Exercise description: Dropping every picture, set down exactly the lines in the entries below, starting with the line with "INDUSTAR-23U 4.5/110 Soviet" and going on through the line with "Russell Hobbs - Everyday".
──────── Data to process
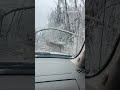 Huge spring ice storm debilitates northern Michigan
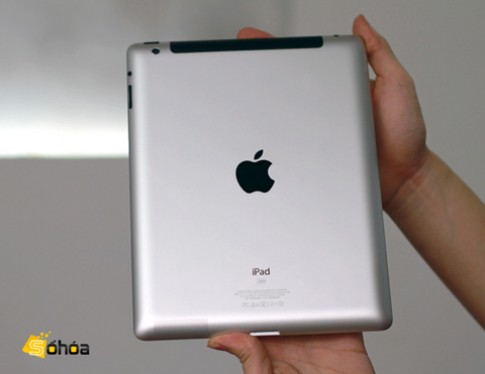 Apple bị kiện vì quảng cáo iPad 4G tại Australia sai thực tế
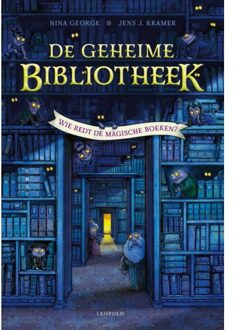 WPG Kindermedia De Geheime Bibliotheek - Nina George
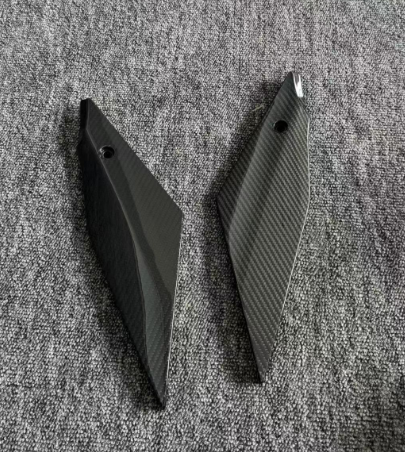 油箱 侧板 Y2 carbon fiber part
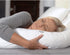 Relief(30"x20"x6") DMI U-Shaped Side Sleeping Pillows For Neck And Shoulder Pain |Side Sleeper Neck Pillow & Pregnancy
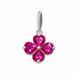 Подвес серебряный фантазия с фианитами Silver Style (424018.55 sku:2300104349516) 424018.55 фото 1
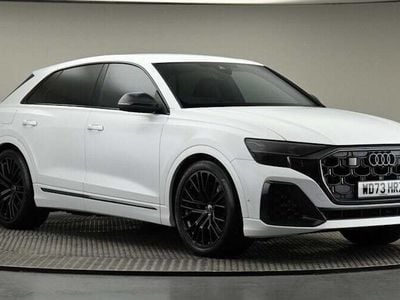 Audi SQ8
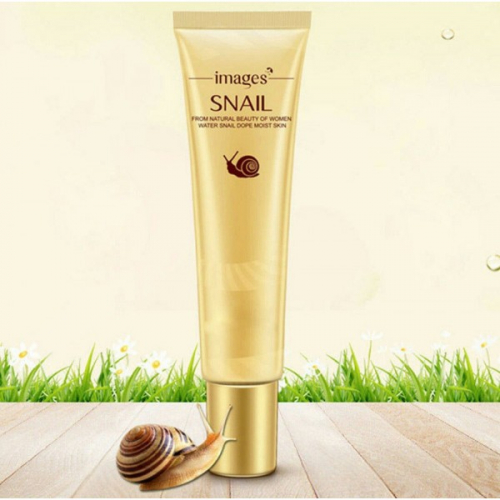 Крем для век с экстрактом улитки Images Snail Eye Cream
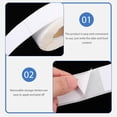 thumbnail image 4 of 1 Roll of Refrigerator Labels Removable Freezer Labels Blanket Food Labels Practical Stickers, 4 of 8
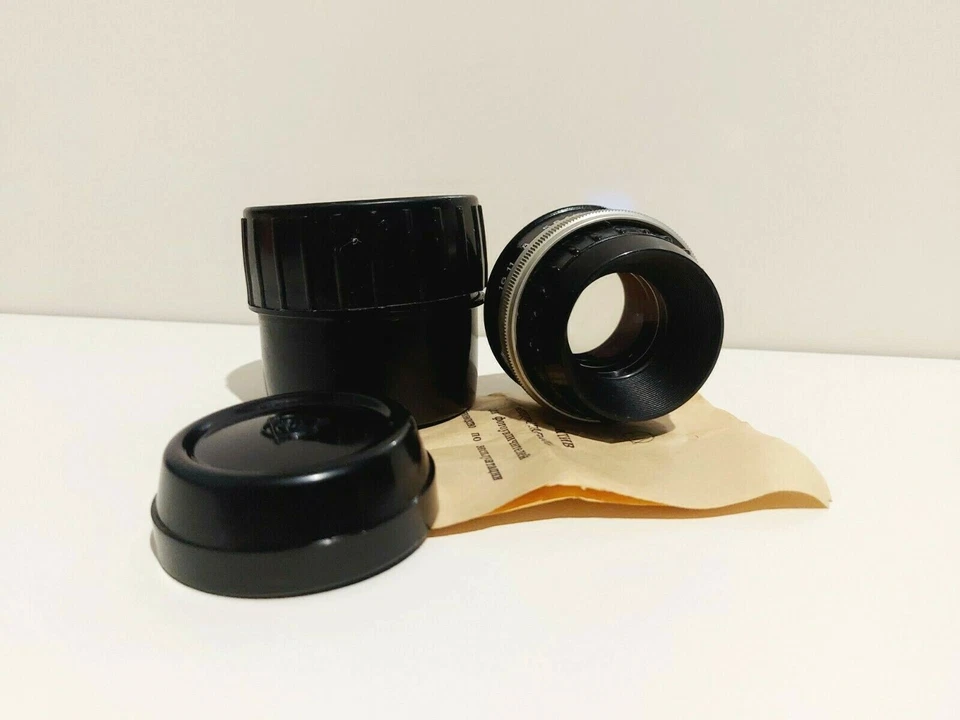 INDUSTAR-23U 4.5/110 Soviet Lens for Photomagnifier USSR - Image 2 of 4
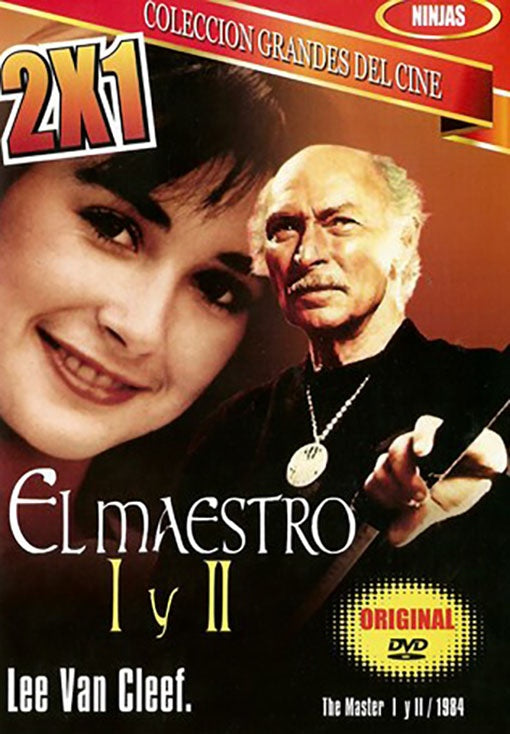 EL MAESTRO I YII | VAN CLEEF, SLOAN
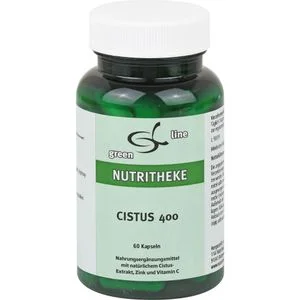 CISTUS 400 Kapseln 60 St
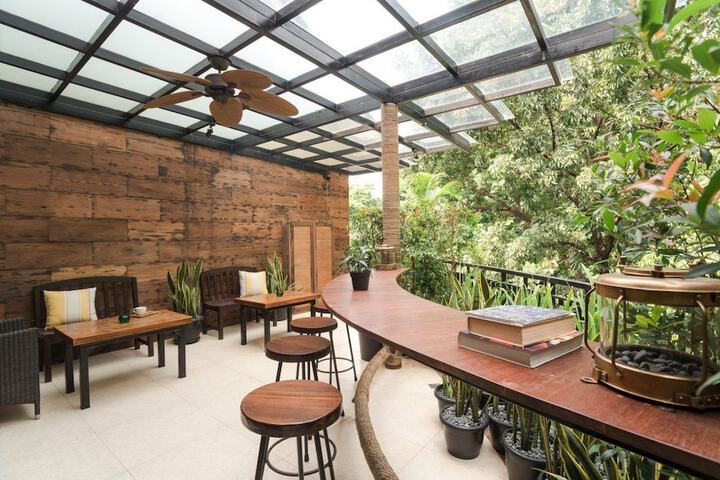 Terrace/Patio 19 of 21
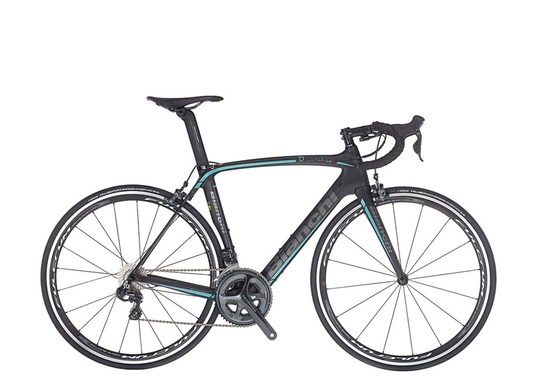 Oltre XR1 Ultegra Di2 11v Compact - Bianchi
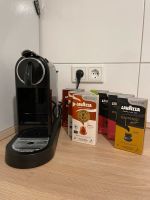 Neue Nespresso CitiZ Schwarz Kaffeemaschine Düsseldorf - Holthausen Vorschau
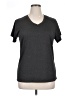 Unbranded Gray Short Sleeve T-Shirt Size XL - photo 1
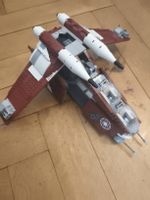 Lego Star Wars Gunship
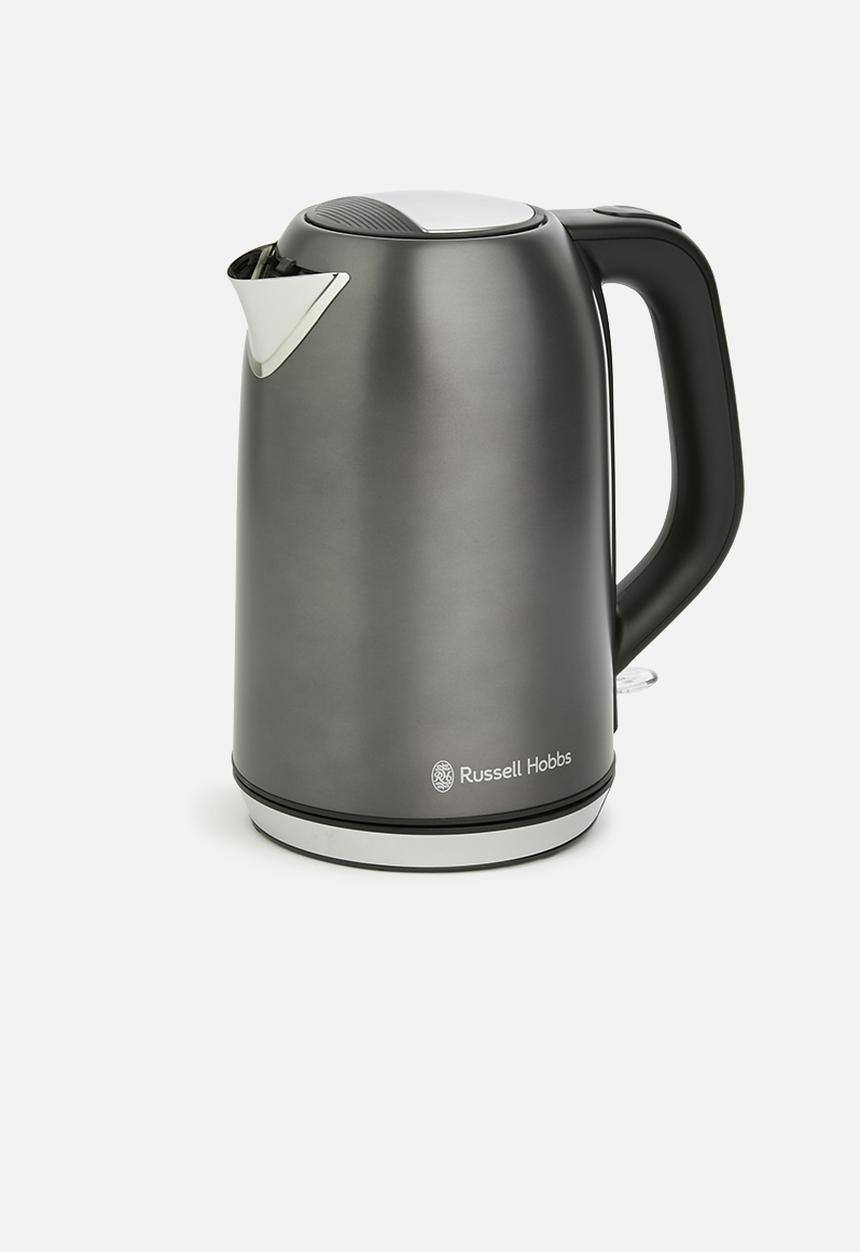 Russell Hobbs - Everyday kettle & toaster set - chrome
────────────────
──────── Data to process
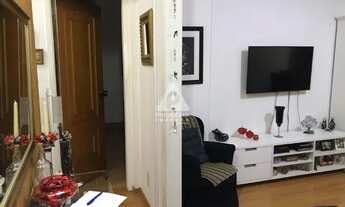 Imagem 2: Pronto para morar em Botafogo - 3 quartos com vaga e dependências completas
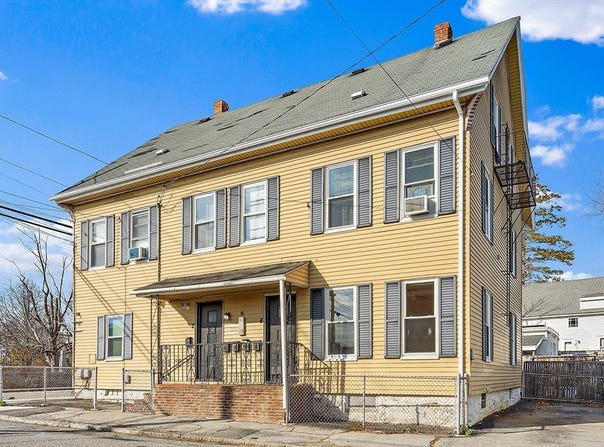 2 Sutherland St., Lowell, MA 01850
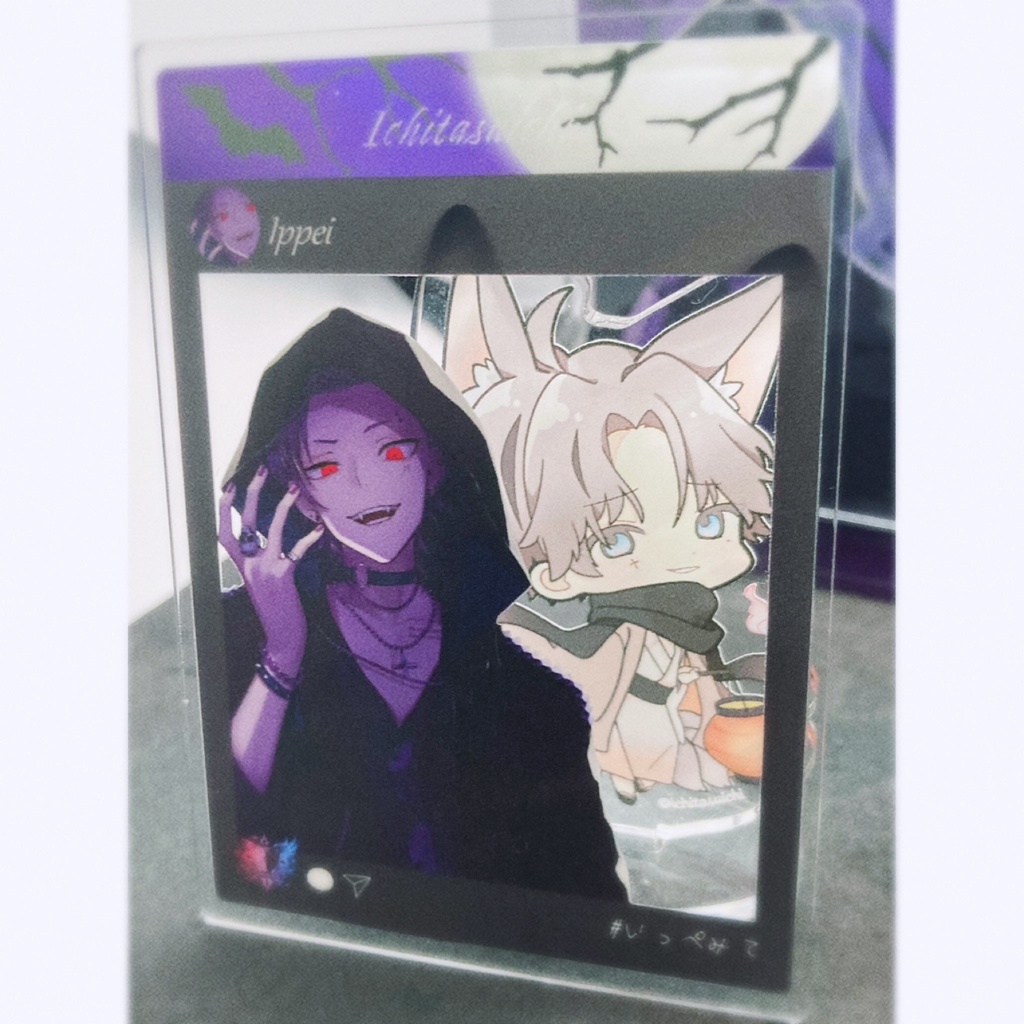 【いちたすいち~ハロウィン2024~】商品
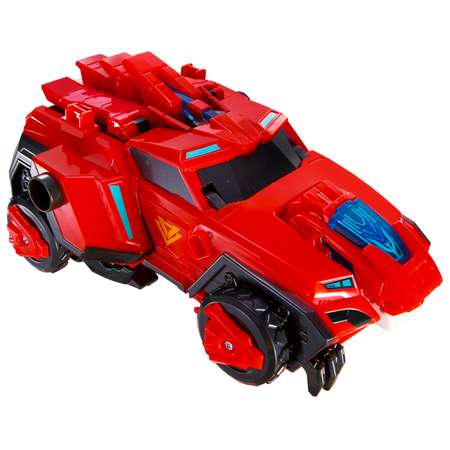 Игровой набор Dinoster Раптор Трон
────────────────
──────── Data to process
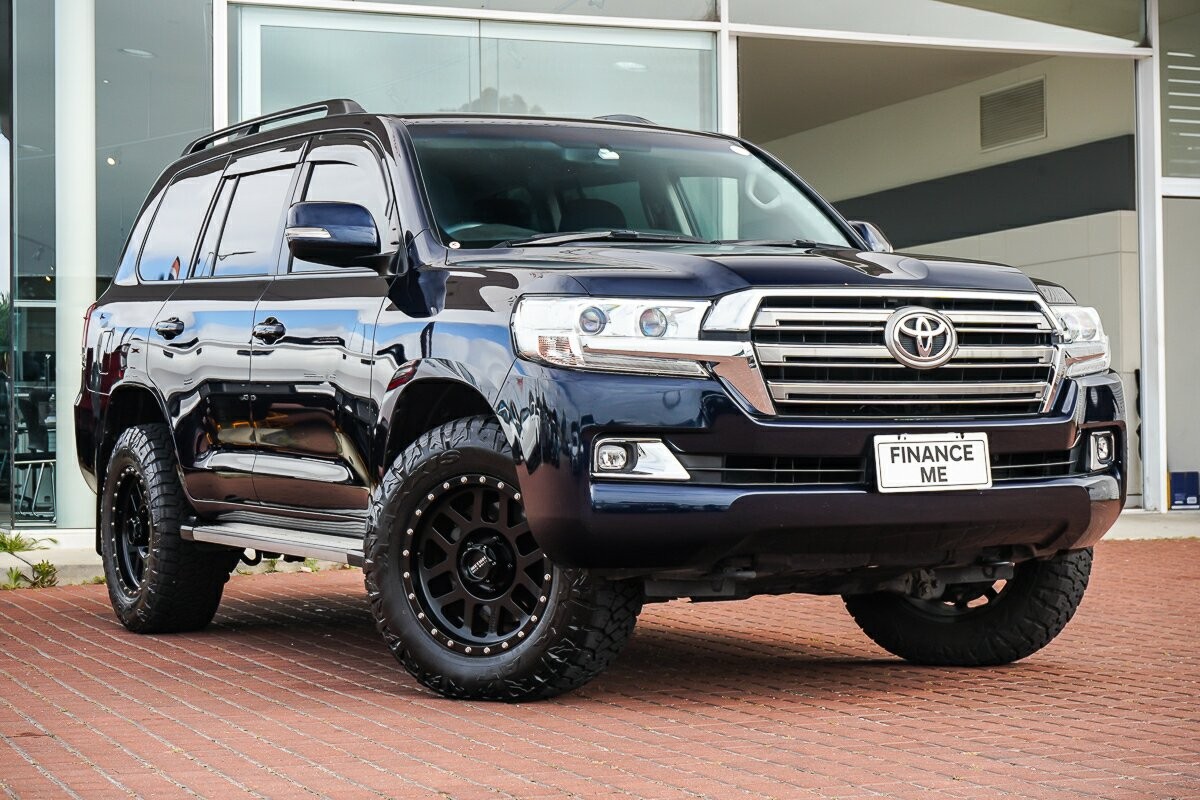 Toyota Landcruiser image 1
────────────────
Final answer:
 INDUSTAR-23U 4.5/110 Soviet Lens for Photomagnifier USSR - Image 2 of 4
 EL MAESTRO I YII | VAN CLEEF, SLOAN
 CISTUS 400 Kapseln 60 St
 Terrace/Patio 19 of 21
 Oltre XR1 Ultegra Di2 11v Compact - Bianchi
 Neue Nespresso CitiZ Schwarz Kaffeemaschine Düsseldorf - Holthausen Vorschau
 Unbranded Gray Short Sleeve T-Shirt Size XL - photo 1
 Lego Star Wars Gunship
 Russell Hobbs - Everyday kettle & toaster set - chrome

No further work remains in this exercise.